REQUIRED WORK —
Copy exactly. Begin with the line that contains "Medium Photo #2" and stop after the last line of the records.

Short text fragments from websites
>>>>>

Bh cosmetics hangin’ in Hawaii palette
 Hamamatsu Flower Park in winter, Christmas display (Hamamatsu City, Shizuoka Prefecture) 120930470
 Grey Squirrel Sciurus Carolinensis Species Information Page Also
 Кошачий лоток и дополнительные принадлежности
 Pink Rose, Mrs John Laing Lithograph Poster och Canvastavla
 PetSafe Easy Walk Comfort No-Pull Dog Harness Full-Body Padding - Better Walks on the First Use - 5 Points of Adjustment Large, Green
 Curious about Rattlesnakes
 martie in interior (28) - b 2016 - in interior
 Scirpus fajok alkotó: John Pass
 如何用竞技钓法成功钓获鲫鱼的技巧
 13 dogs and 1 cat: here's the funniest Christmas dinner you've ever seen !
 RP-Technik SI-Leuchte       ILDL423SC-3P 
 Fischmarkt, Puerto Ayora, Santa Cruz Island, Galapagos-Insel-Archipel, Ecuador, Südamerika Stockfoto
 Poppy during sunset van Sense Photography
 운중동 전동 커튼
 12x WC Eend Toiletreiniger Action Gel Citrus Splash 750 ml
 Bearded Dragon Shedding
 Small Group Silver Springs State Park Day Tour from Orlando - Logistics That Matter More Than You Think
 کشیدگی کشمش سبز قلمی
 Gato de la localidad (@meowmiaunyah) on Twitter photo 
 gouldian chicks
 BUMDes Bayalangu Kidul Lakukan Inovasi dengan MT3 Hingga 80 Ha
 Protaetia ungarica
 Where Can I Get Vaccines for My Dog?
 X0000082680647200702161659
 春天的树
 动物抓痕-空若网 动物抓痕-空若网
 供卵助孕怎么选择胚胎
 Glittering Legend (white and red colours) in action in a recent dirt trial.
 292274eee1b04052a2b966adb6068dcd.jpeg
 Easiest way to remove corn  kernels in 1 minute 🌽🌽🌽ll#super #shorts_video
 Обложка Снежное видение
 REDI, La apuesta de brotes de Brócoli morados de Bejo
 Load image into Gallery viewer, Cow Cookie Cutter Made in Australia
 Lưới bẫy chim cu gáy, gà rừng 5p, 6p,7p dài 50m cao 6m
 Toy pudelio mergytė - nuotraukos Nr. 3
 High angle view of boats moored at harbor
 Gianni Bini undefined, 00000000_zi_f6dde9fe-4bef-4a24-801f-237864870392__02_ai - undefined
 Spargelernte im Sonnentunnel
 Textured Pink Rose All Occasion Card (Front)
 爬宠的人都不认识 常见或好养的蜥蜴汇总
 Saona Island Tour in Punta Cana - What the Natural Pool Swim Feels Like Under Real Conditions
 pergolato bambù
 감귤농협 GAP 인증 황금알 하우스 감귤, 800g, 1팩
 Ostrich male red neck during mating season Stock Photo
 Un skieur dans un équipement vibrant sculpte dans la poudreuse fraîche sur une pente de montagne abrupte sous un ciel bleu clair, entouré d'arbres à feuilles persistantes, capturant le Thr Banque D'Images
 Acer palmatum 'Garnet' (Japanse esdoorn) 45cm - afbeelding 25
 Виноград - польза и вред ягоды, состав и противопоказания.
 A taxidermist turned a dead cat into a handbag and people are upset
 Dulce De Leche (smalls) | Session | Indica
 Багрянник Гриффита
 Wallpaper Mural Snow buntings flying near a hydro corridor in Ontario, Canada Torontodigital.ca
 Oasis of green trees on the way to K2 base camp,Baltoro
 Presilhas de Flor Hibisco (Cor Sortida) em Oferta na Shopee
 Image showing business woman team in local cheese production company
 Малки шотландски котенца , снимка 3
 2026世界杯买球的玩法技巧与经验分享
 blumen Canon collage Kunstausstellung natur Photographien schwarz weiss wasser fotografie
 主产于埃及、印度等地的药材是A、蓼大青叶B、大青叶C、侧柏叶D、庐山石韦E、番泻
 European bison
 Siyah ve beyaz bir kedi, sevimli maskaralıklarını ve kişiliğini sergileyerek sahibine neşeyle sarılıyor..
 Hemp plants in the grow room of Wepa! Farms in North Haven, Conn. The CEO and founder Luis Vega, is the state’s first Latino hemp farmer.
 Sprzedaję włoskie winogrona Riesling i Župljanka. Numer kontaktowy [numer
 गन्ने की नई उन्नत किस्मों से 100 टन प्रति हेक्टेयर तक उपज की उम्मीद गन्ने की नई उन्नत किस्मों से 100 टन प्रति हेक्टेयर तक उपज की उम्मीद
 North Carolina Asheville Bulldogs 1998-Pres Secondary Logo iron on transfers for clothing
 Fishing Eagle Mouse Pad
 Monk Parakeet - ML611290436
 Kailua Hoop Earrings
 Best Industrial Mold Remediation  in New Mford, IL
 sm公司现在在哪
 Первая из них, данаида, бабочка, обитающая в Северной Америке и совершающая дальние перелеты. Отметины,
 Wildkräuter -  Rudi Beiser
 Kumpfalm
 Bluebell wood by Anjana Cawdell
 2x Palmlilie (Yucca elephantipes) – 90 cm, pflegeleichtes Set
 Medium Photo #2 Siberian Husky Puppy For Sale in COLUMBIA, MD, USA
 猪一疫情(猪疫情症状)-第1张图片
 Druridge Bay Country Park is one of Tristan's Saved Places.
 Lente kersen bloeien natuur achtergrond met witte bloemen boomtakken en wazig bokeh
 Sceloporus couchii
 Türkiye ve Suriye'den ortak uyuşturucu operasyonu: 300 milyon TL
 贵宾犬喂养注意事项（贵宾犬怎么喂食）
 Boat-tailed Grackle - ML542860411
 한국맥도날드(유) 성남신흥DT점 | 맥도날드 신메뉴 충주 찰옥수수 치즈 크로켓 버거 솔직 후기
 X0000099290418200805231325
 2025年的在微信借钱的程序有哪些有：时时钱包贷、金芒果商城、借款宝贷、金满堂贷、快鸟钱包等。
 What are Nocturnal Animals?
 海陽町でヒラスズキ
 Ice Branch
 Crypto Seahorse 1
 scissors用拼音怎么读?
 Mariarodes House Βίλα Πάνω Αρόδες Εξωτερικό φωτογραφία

<<<<<

OUTPUT —
 Medium Photo #2 Siberian Husky Puppy For Sale in COLUMBIA, MD, USA
 猪一疫情(猪疫情症状)-第1张图片
 Druridge Bay Country Park is one of Tristan's Saved Places.
 Lente kersen bloeien natuur achtergrond met witte bloemen boomtakken en wazig bokeh
 Sceloporus couchii
 Türkiye ve Suriye'den ortak uyuşturucu operasyonu: 300 milyon TL
 贵宾犬喂养注意事项（贵宾犬怎么喂食）
 Boat-tailed Grackle - ML542860411
 한국맥도날드(유) 성남신흥DT점 | 맥도날드 신메뉴 충주 찰옥수수 치즈 크로켓 버거 솔직 후기
 X0000099290418200805231325
 2025年的在微信借钱的程序有哪些有：时时钱包贷、金芒果商城、借款宝贷、金满堂贷、快鸟钱包等。
 What are Nocturnal Animals?
 海陽町でヒラスズキ
 Ice Branch
 Crypto Seahorse 1
 scissors用拼音怎么读?
 Mariarodes House Βίλα Πάνω Αρόδες Εξωτερικό φωτογραφία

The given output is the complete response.